---- RECORDS PROVIDED

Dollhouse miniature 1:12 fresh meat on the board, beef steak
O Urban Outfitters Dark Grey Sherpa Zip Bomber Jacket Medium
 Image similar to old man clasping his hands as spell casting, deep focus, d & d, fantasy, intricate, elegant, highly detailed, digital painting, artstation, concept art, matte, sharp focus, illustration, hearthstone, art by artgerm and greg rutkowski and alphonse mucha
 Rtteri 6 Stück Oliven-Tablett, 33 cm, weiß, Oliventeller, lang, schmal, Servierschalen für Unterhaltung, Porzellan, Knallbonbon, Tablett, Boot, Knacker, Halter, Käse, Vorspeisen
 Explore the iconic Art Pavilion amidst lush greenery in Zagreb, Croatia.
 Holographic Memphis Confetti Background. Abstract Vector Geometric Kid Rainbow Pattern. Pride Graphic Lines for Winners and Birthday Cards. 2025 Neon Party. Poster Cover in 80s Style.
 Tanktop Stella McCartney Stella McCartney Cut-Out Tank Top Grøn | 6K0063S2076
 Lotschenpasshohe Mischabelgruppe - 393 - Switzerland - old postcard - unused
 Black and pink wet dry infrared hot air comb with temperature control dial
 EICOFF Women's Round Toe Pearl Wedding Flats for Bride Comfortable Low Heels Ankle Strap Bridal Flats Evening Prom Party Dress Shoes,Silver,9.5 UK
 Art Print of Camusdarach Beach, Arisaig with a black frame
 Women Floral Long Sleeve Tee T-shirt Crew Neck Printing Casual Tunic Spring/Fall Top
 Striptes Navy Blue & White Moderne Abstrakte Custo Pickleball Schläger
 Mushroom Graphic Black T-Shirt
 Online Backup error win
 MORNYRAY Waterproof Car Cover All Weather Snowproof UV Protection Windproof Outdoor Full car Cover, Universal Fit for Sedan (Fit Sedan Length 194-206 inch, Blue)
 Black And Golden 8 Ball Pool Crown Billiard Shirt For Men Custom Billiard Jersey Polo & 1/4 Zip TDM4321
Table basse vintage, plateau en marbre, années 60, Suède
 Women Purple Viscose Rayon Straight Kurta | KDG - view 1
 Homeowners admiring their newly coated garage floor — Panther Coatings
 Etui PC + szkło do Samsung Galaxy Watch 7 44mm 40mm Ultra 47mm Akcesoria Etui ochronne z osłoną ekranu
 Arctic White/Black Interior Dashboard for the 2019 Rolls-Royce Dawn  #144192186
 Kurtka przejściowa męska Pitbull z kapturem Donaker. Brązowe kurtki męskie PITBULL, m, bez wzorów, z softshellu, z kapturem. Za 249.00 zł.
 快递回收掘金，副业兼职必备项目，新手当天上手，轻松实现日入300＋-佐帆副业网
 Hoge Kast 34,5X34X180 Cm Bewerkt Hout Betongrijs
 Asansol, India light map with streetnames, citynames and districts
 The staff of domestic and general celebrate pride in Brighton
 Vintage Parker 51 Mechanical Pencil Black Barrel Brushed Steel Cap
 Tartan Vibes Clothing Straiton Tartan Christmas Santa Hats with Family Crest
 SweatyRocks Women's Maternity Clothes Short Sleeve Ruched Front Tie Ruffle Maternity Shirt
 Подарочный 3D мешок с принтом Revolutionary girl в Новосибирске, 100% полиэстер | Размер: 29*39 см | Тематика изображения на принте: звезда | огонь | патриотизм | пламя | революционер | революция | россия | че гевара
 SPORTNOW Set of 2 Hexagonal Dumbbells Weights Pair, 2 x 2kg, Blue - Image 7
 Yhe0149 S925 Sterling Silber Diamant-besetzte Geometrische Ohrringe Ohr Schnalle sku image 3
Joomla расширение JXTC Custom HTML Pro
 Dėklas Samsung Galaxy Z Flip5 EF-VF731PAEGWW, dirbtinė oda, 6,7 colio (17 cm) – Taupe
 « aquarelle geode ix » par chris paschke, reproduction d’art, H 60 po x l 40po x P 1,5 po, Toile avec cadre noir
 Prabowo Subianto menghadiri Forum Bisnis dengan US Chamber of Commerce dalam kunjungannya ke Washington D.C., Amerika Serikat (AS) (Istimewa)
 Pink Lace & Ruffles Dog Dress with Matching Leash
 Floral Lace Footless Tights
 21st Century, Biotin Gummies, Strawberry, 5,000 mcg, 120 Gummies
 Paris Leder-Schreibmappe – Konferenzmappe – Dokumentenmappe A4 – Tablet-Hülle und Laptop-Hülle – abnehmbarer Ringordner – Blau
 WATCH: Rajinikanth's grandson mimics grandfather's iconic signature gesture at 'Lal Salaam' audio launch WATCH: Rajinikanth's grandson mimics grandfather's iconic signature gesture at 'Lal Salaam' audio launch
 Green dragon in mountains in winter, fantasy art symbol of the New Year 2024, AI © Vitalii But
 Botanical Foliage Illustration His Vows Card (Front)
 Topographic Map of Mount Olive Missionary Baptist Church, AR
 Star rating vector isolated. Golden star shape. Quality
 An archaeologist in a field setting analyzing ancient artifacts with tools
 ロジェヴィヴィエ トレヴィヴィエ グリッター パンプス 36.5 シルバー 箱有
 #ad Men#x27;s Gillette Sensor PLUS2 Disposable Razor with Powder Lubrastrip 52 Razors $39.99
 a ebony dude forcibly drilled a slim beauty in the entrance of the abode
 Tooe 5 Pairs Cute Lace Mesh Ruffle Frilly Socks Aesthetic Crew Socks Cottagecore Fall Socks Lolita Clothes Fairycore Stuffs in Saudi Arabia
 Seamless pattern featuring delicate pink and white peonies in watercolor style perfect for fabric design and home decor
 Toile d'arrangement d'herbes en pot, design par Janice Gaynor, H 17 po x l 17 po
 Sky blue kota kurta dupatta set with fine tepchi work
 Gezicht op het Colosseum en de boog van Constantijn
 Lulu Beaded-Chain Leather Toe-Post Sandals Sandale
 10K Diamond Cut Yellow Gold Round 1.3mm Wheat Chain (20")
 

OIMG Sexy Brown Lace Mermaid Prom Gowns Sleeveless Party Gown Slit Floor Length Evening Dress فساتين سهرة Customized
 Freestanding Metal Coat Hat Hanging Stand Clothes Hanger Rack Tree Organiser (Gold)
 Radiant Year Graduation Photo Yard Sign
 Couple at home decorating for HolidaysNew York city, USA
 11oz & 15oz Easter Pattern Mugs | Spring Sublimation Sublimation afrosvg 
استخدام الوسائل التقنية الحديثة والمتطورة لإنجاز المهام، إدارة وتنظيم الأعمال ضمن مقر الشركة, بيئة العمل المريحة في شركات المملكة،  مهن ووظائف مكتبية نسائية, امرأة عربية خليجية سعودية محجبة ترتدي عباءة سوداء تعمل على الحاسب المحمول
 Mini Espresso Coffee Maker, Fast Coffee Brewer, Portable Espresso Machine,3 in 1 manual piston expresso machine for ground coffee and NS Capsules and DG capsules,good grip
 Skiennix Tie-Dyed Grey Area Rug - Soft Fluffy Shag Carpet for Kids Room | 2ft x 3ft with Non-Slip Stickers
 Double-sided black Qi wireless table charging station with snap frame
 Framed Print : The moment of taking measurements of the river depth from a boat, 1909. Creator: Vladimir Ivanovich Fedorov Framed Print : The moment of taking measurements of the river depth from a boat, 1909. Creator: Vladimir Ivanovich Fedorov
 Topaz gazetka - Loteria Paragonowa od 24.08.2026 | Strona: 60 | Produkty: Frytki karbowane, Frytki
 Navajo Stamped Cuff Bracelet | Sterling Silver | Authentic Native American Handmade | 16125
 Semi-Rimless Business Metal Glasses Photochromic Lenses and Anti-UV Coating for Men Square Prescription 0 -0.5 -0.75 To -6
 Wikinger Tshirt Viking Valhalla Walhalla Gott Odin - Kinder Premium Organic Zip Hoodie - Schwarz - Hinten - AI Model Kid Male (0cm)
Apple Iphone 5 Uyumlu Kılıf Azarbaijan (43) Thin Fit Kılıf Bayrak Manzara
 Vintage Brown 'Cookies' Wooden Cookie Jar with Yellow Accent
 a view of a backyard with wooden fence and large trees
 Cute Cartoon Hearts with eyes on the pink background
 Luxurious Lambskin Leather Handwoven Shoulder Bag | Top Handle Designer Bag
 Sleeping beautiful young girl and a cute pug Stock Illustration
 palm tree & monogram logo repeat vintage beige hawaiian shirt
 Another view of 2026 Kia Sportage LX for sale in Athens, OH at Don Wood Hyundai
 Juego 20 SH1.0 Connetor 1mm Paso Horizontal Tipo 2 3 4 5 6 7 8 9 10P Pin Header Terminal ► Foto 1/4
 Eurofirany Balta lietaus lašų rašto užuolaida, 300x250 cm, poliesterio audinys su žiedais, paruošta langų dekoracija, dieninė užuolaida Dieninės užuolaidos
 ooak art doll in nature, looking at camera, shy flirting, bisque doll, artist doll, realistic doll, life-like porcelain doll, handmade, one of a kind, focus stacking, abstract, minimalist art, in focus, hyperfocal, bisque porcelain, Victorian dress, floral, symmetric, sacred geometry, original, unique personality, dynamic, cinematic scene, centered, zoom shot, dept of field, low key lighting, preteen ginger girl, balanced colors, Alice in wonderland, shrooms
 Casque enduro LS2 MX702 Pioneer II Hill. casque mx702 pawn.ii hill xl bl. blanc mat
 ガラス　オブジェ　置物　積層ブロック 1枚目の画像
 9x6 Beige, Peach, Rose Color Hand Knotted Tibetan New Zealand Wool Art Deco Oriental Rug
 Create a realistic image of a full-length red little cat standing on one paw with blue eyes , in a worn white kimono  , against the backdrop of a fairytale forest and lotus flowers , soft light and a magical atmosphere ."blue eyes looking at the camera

--------

* **TO DO**
From the records above, give again exactly the lines running from the line with "Homeowners admiring their" to the line with "Paris Leder-Schreibmappe –", inclusive.

* **RESPONSE BELOW**
 Homeowners admiring their newly coated garage floor — Panther Coatings
 Etui PC + szkło do Samsung Galaxy Watch 7 44mm 40mm Ultra 47mm Akcesoria Etui ochronne z osłoną ekranu
 Arctic White/Black Interior Dashboard for the 2019 Rolls-Royce Dawn  #144192186
 Kurtka przejściowa męska Pitbull z kapturem Donaker. Brązowe kurtki męskie PITBULL, m, bez wzorów, z softshellu, z kapturem. Za 249.00 zł.
 快递回收掘金，副业兼职必备项目，新手当天上手，轻松实现日入300＋-佐帆副业网
 Hoge Kast 34,5X34X180 Cm Bewerkt Hout Betongrijs
 Asansol, India light map with streetnames, citynames and districts
 The staff of domestic and general celebrate pride in Brighton
 Vintage Parker 51 Mechanical Pencil Black Barrel Brushed Steel Cap
 Tartan Vibes Clothing Straiton Tartan Christmas Santa Hats with Family Crest
 SweatyRocks Women's Maternity Clothes Short Sleeve Ruched Front Tie Ruffle Maternity Shirt
 Подарочный 3D мешок с принтом Revolutionary girl в Новосибирске, 100% полиэстер | Размер: 29*39 см | Тематика изображения на принте: звезда | огонь | патриотизм | пламя | революционер | революция | россия | че гевара
 SPORTNOW Set of 2 Hexagonal Dumbbells Weights Pair, 2 x 2kg, Blue - Image 7
 Yhe0149 S925 Sterling Silber Diamant-besetzte Geometrische Ohrringe Ohr Schnalle sku image 3
Joomla расширение JXTC Custom HTML Pro
 Dėklas Samsung Galaxy Z Flip5 EF-VF731PAEGWW, dirbtinė oda, 6,7 colio (17 cm) – Taupe
 « aquarelle geode ix » par chris paschke, reproduction d’art, H 60 po x l 40po x P 1,5 po, Toile avec cadre noir
 Prabowo Subianto menghadiri Forum Bisnis dengan US Chamber of Commerce dalam kunjungannya ke Washington D.C., Amerika Serikat (AS) (Istimewa)
 Pink Lace & Ruffles Dog Dress with Matching Leash
 Floral Lace Footless Tights
 21st Century, Biotin Gummies, Strawberry, 5,000 mcg, 120 Gummies
 Paris Leder-Schreibmappe – Konferenzmappe – Dokumentenmappe A4 – Tablet-Hülle und Laptop-Hülle – abnehmbarer Ringordner – Blau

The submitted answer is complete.